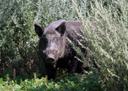 Saskatchewan taking steps to control wild boars and feral pigs

As wild boars continue to run rampant in Saskatchewan, the provincial government said it is taking steps t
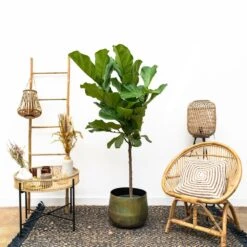 Ficus Lyrata Xl - H150cm, ø30cm - Très Grande Plante D'intérieur 6 Ficus Lyrata Xl - H150cm, ø30cm - Très Grande Plante D'intérieur -Karch Jardin Magasin cbf3a6952e7e701c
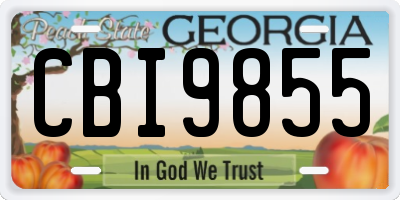 GA license plate CBI9855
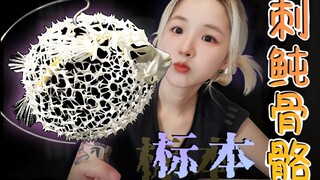 We no longer need to piece together each individual spine! ^Short-spined pufferfish skeletal specime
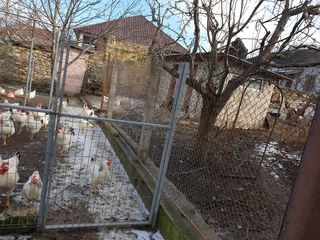 Casa în Șoldănești foto 3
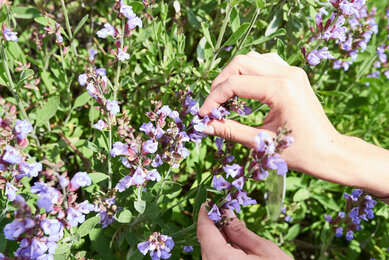 Fühlen und Riechen im Kräuterstreichelgarten | © SONNENTOR/@nudlholz.at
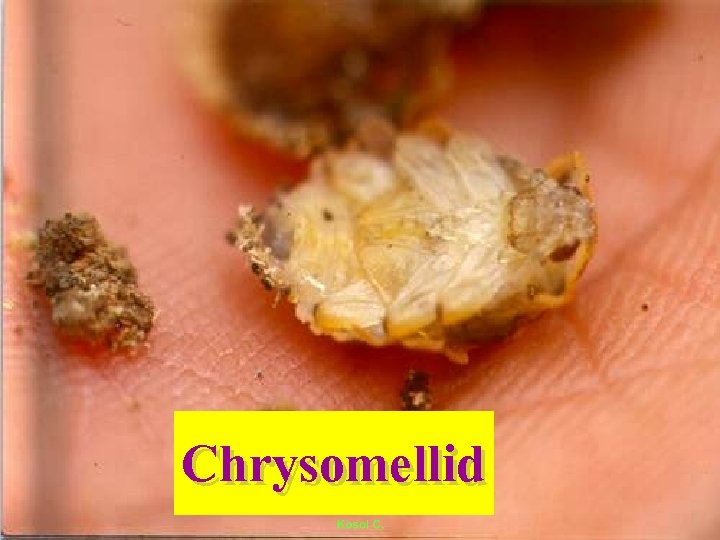 Chrysomellid 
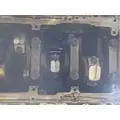 CAT C-10 Engine Assembly thumbnail 2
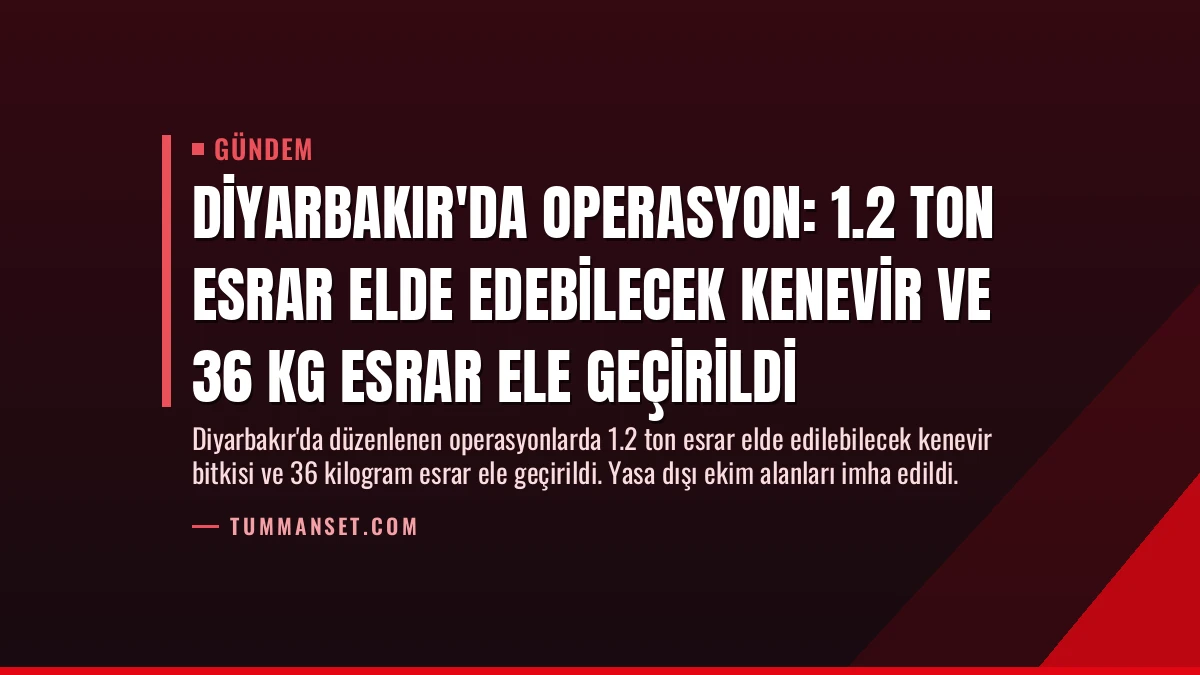 Diyarbakır’da Operasyon: 1.2 Ton Esrar Elde Edebilecek Kenevir ve 36 Kg Esrar Ele Geçirildi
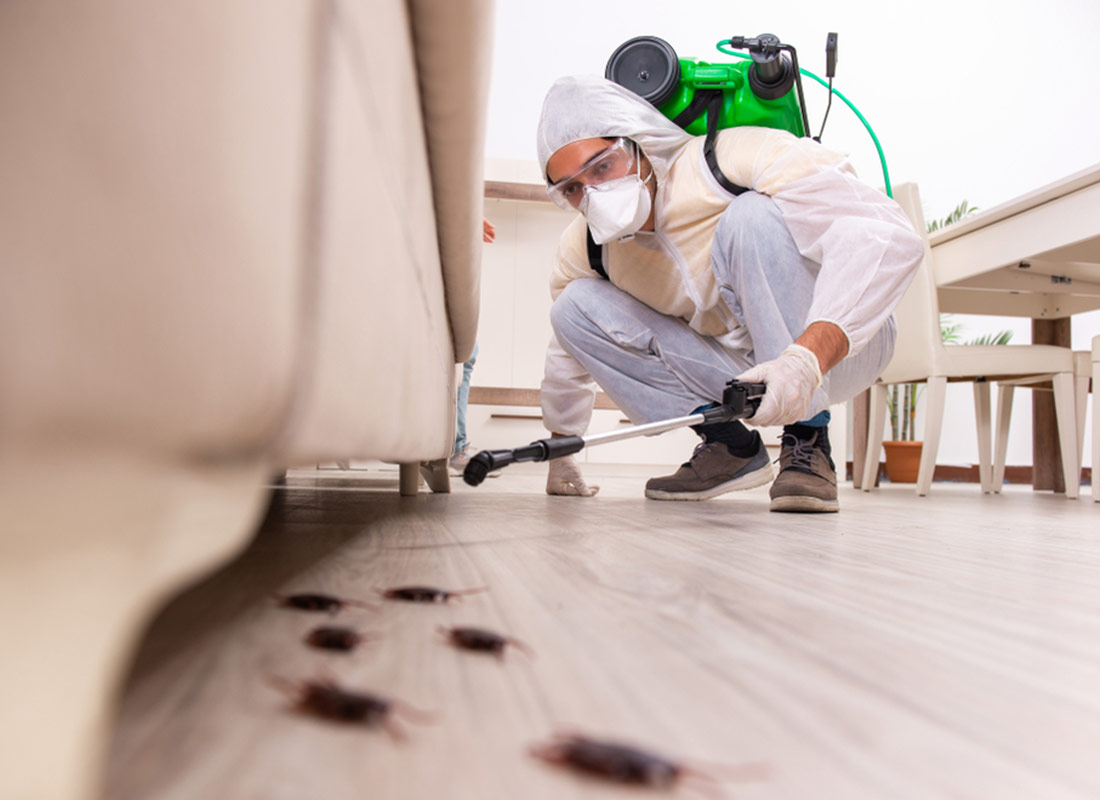 How to Choose the Right Pest Control Company for Your Needs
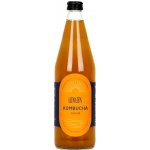 Loklok Kombucha Zázvor 0,75 l – Hledejceny.cz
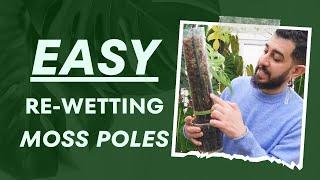  Finally Revealed How I Make My Ultimate Moss Poles  Must-See 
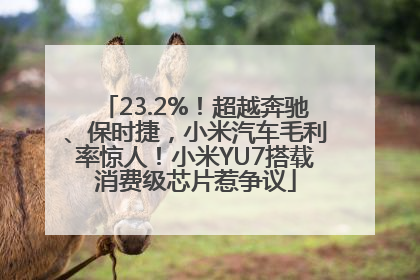 23.2%！超越奔驰、保时捷，小米汽车毛利率惊人！小米YU7搭载消费级芯片惹争议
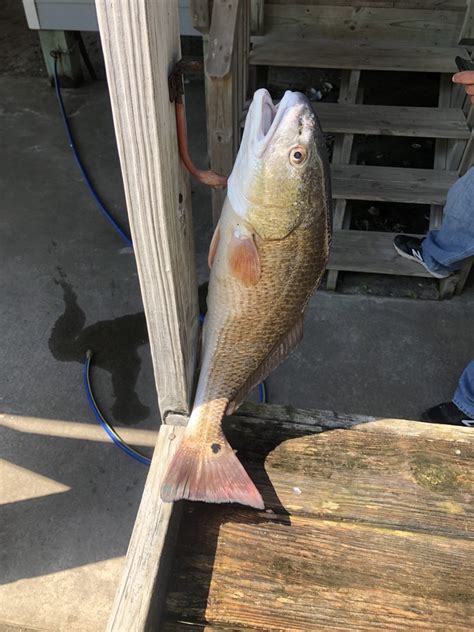 charter fishing near rodanthe nc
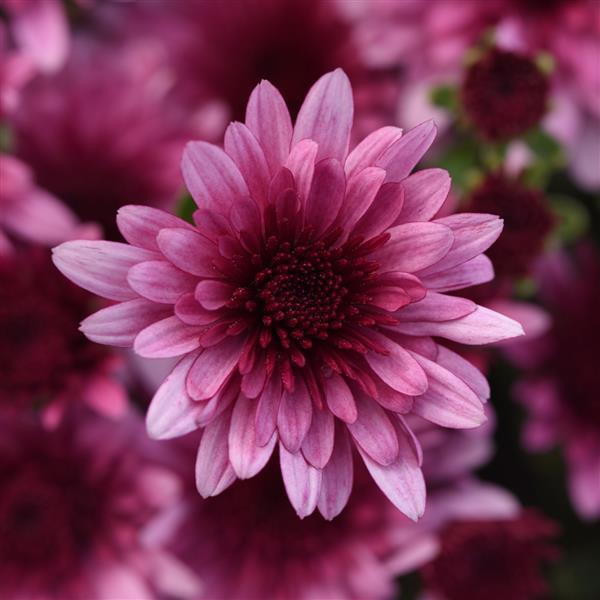 Garden Mum Other Morgana Pink - Bloom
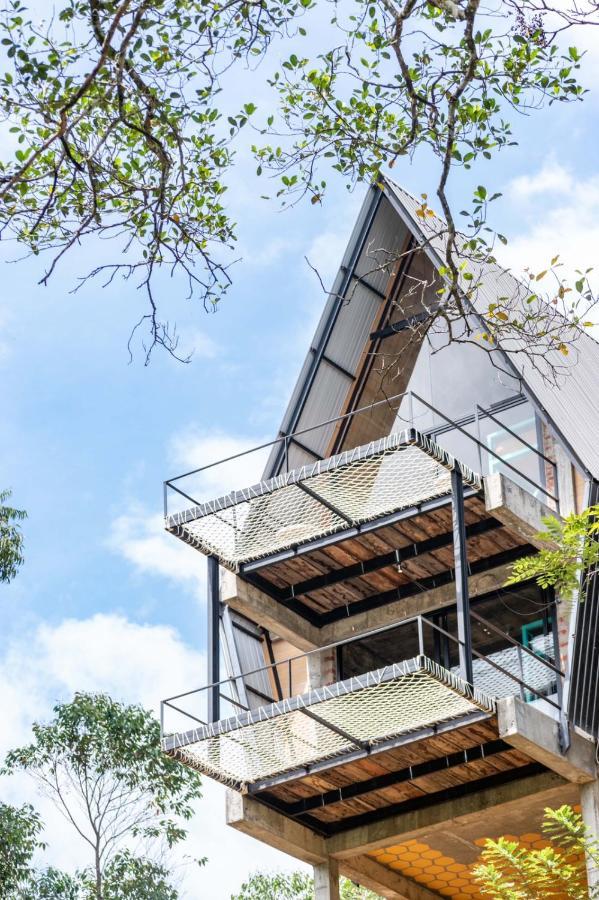 Wild Bee Hostel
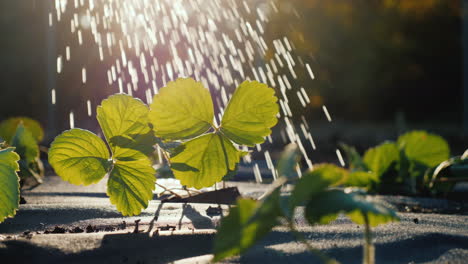 los brotes de fresa riegan los chorros de agua al sol poniente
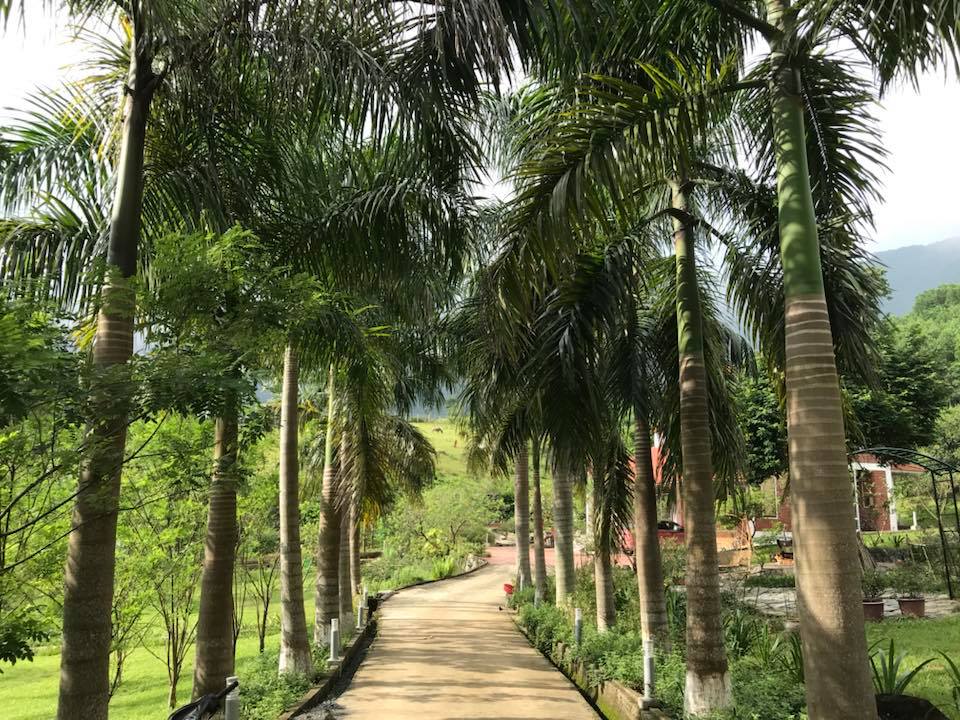 tuong-vi-biet-thu-thach-that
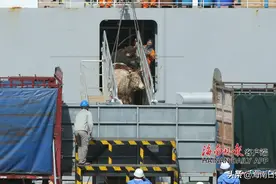 海南首批澳洲进口活牛抵港，明起居民可在市场上购买图片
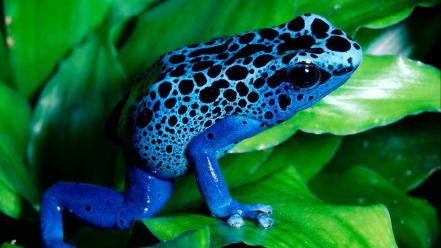 Nature frogs amphibians poison dart wallpaper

## Brief
Exact copies of the entries above are needed, without their pictures.

## Task result
 Saskatchewan taking steps to control wild boars and feral pigs

As wild boars continue to run rampant in Saskatchewan, the provincial government said it is taking steps t
 Ficus Lyrata Xl - H150cm, ø30cm - Très Grande Plante D'intérieur 6 Ficus Lyrata Xl - H150cm, ø30cm - Très Grande Plante D'intérieur -Karch Jardin Magasin cbf3a6952e7e701c
 GA license plate CBI9855
 We no longer need to piece together each individual spine! ^Short-spined pufferfish skeletal specime
 Casa în Șoldănești foto 3
 Fühlen und Riechen im Kräuterstreichelgarten | © SONNENTOR/@nudlholz.at
 Chrysomellid 
 CAT C-10 Engine Assembly thumbnail 2
 Diyarbakır’da Operasyon: 1.2 Ton Esrar Elde Edebilecek Kenevir ve 36 Kg Esrar Ele Geçirildi
 How to Choose the Right Pest Control Company for Your Needs
 Loklok Kombucha Zázvor 0,75 l – Hledejceny.cz
  Finally Revealed How I Make My Ultimate Moss Poles  Must-See 
 23.2%！超越奔驰、保时捷，小米汽车毛利率惊人！小米YU7搭载消费级芯片惹争议
 charter fishing near rodanthe nc
 Garden Mum Other Morgana Pink - Bloom
 Wild Bee Hostel
 los brotes de fresa riegan los chorros de agua al sol poniente
 tuong-vi-biet-thu-thach-that
 海南首批澳洲进口活牛抵港，明起居民可在市场上购买图片
 Nature frogs amphibians poison dart wallpaper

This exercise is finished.